Before Illman gave his senior recital, DiMartino was nervous - both for Illman and for himself.
He had nothing to worry to about. Illman delivered a great performance.
"I was feeling pretty good about myself," DiMartino said. "Not knowing that would be one of the best performances a student of mine would ever give."
Still, Illman's success inspired DiMartino.
"I was lucky that I had a student like Rich," DiMartino said. "That (performance) really got me excited about teaching. It seemed like I was helping him."
And Illman was helping DiMartino, too.
DiMartino was a newcomer to Lexington, and he did not know anyone in the area.
Whether they were having dinner or playing Scrabble, Illman's family made DiMartino feel at home.
"When I first moved here, I didn't have too many places to go," DiMartino said. "His family sort of took me in, and they were one of the reasons I decided to stay in the area."
But those Scrabble games were still intense, Illman said.
"Vince is a competitor," he said. "He wanted to win every time, and he was frustrated if he couldn't get 20 points with every word."
Illman is now a professor at Michigan State
After college, Illman went into teaching. He filled in for DiMartino during DiMartino's sabbatical before moving on to Eastern Kentucky University, where he taught for 12 years. Illman is now in his 14th year at Michigan State University as the associate professor of trumpet.
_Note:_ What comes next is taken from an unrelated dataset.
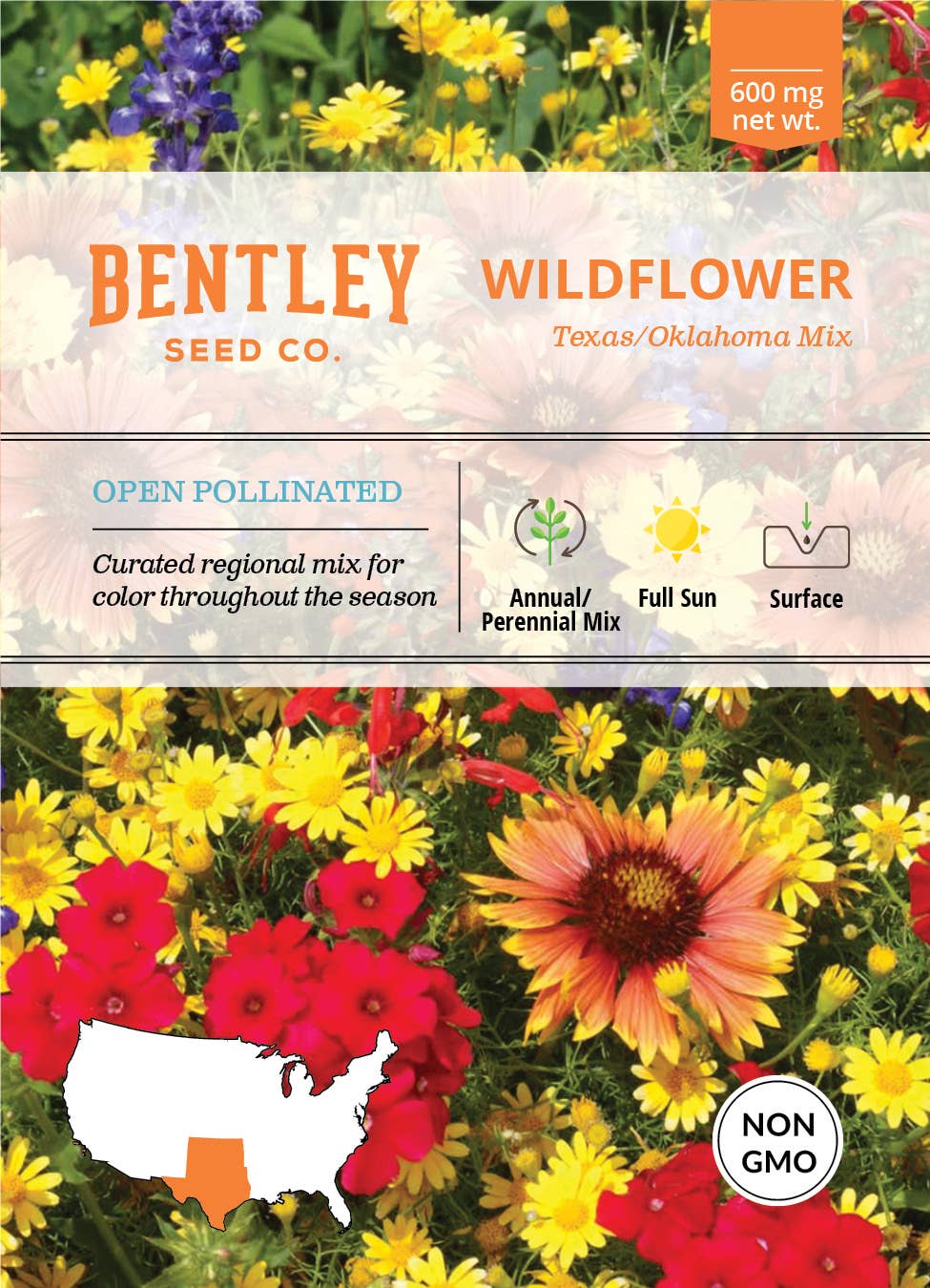 2204. Texas Oklahoma Wildflower Mix Seed Packets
DiMartino came to Centre College in 1993 and was named W. George Matton Professor of Music in 1996. Despite the distance separating them, Illman and DiMartino have remained close by playing together as often as they can.
"We've just kind of stuck together," Illman said.
In addition to the festival, the two have played together in the Millennium Brass Quintet, the Brass Band of Battle Creek (Mich.) and more they can't remember.
"We've played just about everything together, from big bands and recitals to church things," DiMartino said. "We love playing together, whatever we are playing in, because it is a chance for us to talk and to appreciate one another."
When they cannot play together, they share advice about teaching music in e-mails or phone calls.
"We help each other out as much as we can," DiMartino said. "He's come and done master classes at Centre for me, and I've gone and done master classes at Michigan State for him."
"We do master classes back and forth. He reminded me the other day that it's my turn," Illman said.
When asked to describe the other, each comes up with the same adjectives - enthusiastic, creative, curious.
"Rich is truly one of my best friends," DiMartino said. "We fit together really well."